I laid wide awake in a corner of Villa Eläintarha. The sun seeped in like golden syrup. Wayward dust drifted among light rays leaking through heavy amber curtains. In a room nestled on a rocky hill overlooking Töölönlahti Bay of Helsinki’s Hakaniemi neighborhood, its opulent stove and solemn wood furniture thick with memory, I waited through an endless night for a break from its phantasmagoric stillness. My ears were ringing, my heart beating out of my body from the excruciating silence. Day had finally come, yet the shadows that lived within the 19th century manor refused. It warped and writhed its wooden bones and wallpaper skin in contortions as if laboring its last breaths. The light I longed for only confirmed the unsettling presence I felt, even though I was the apparition disturbing ghosts I could not name.
In the residencies I have experienced, both those I have been invited to as well as stays I have organized with the support of research grants, the primary place of work is the site of residence.
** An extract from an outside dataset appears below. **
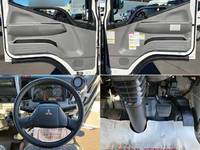 MITSUBISHI FUSO Canter Container Carrier Truck 2RG-FBAV0 2022 500km_7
This site is a complex marked by multiple intersecting positionalities and agencies of the resident, residence, residency, institutions, juries, cultural attachés, and nation-states. Also part of this knotted arrangement, though often as the subject of inquiry, are local marginal communities and other inhabitants, and the multiple histories they carry—or, the rest1. They are residues that are not taken into account, those that reside in a place but are refused the status of resident and denied political recognition and agency.
In contrast to traditional residencies that might provide access to a studio, workshop, or office space, design- and research-based residencies have provided only housing to meet all of my everyday needs, including that of work. Consequently, this room and temporary home collapse any imagined separations that may be left between private and public spheres. All of life lived and all labor performed throughout the duration of the residency is occupied by work.
Residency accommodations typically have the usual furnishings of a room of one’s own: a bed, a desk, a chair, a door with a lock, a key, some money, and some level of independence. They intend to offer a private sphere, a domestic interiority that may serve as a temporary refuge from the pervading exclusions of interjecting social structures and social formations that lie outside beyond its walls—a break from everyday life. They offer a modest separation from our selves as constructed within these exclusions, a time and a place that partially sidesteps the facticity of one’s conditions, entering a different context that dislocates one’s place. The room’s material location is the potent ground of the residency as workplace; however, the short duration of these exchanges limit the capacity of residents to deeply attend to this new location and its conditions.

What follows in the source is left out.